(What you are asked to do) From the line containing "Top Concrete Foundation" to the line containing "Sandman Supreme Hoodie Red Logo" in the records below, set down every line exactly as it stands, both ends included, and skip the pictures.

(Available data)
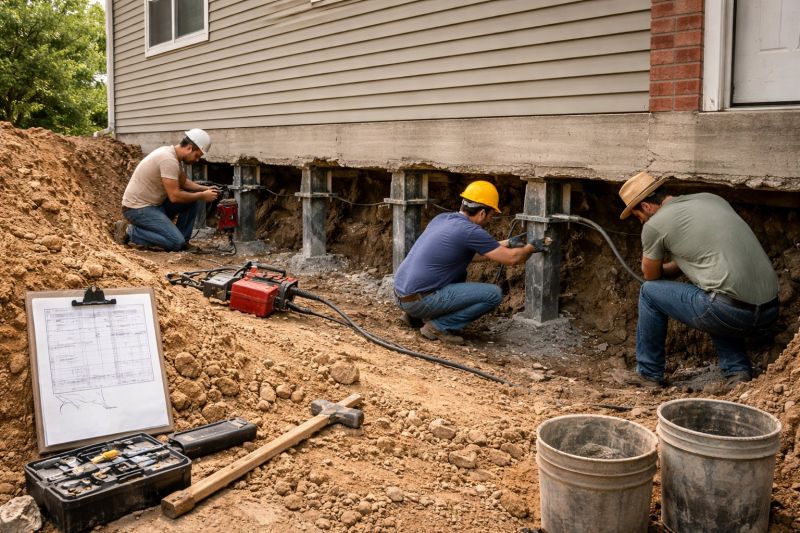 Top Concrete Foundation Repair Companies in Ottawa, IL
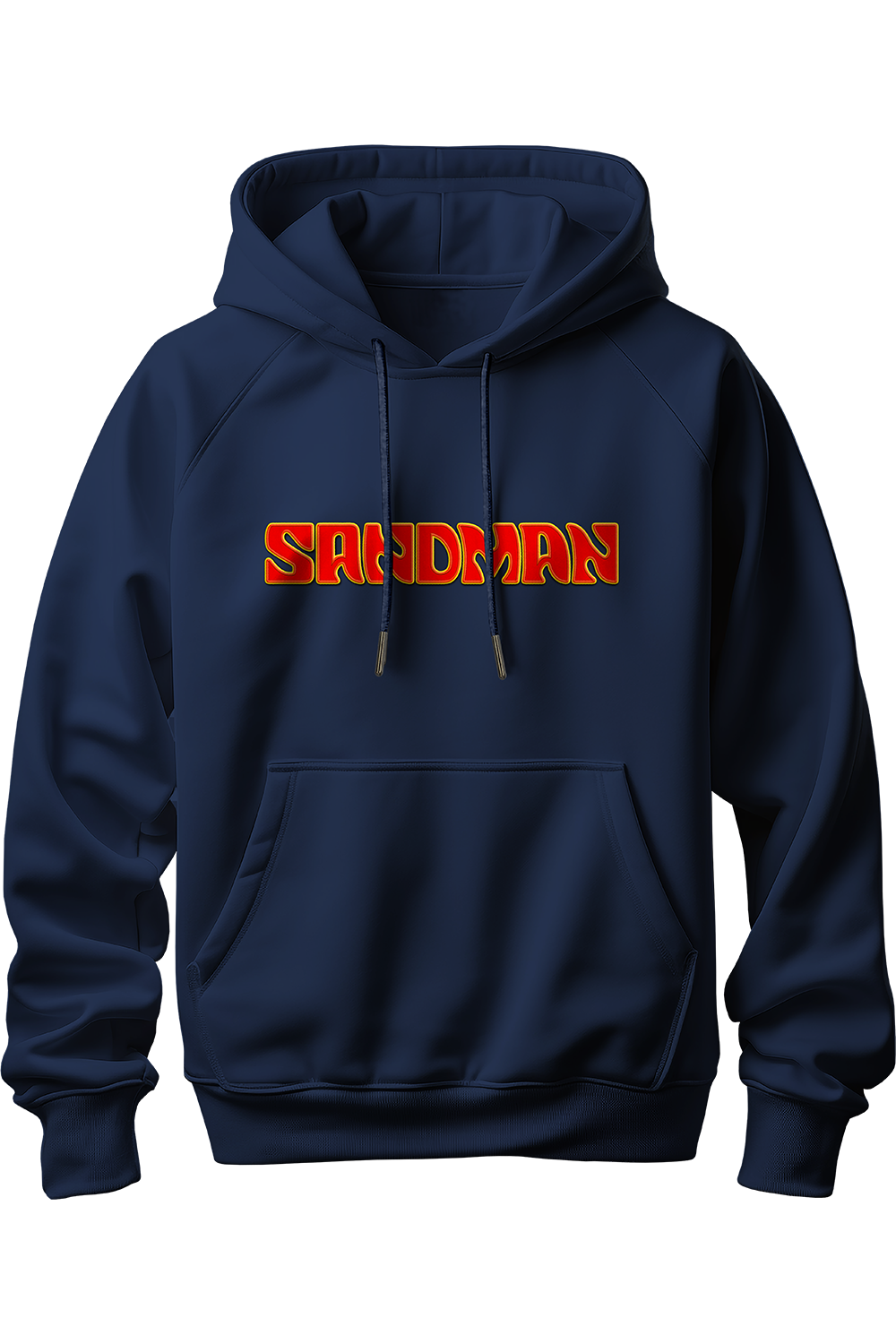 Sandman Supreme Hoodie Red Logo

...

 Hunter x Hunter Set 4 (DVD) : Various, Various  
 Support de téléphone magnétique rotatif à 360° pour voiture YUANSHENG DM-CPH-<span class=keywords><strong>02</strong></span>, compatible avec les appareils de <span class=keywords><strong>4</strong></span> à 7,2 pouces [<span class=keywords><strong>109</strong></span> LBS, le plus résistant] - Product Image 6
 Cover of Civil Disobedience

(Result of this task)
 Top Concrete Foundation Repair Companies in Ottawa, IL
 Sandman Supreme Hoodie Red Logo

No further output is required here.